DATE: 20050425
DOCKET: C40103
COURT OF APPEAL FOR ONTARIO
DOHERTY, MOLDAVER and GILLESE JJ.A.
B E T W E E N :
HER MAJESTY THE QUEEN
John McInnes for the respondent
(Respondent)
- and -
RYAN RICARDO RICHARDS
Timothy E. Breen for the appellant
(Appellant)
Heard: April 21, 2005
On appeal from the conviction entered on February 25, 2003 by Regional Senior Justice Robert A. Blair of Superior Court of Justice, sitting with a jury.
BY THE COURT:
[1] Following a brief trial presided over by Blair R.S.J. (as he then was), a jury convicted the appellant of second-degree murder. He appeals against conviction on two grounds. First, he submits that the judge failed to adequately caution the jury as to the danger of acting on the evidence of Richard King, an admittedly unsavoury witness. Second, he argues that the finding of guilt was unreasonable.
OVERVIEW
[2] Mark Taverner was murdered in a back alley in South Etobicoke. A witness named Richard King saw the events immediately before and after the murder. He was acquainted with both the deceased and the appellant. He observed the events at close range and in good light. He testified that he saw the appellant move his arms up from behind his back to point at Taverner, as though the appellant were pointing a gun. He saw Taverner raise his arms to shoulder height, palms forward. At that point, he hid behind a wall in fear. Approximately 30 seconds later he heard two gunshots. He looked around the corner and saw the appellant pointing a gun at the deceased while the deceased clutched his chest. The appellant then fled.

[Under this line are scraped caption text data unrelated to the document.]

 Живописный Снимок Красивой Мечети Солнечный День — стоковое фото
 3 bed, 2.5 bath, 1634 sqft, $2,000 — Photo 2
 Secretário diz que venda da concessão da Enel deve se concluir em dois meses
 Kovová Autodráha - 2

[3] Mr. King identified the appellant as the shooter three days after the shooting when shown a photo line-up by the police and again at trial.

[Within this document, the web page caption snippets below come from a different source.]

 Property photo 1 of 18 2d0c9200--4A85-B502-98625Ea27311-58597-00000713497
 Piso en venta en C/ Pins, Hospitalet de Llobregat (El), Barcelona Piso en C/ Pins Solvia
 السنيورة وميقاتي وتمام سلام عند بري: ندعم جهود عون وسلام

[4] Mr. King was a neighbourhood drug addict and petty criminal.
[5] At trial, the defence attacked Mr. King’s credibility without challenging the reliability of his identification of the appellant as the shooter. The defence did not suggest any motive that Mr. King might have had for falsely implicating the appellant. There was other evidence called by the Crown that was capable of confirming Mr. King’s evidence including that of Ms. Varcoe who saw a person matching the appellant’s description fleeing the area after the gunshots. Ms. Varcoe testified that she saw a young, short black male fitting the general description given by Mr. King running from the scene of the shooting in the same direction as Mr. King testified that he saw the appellant run in after the second shot.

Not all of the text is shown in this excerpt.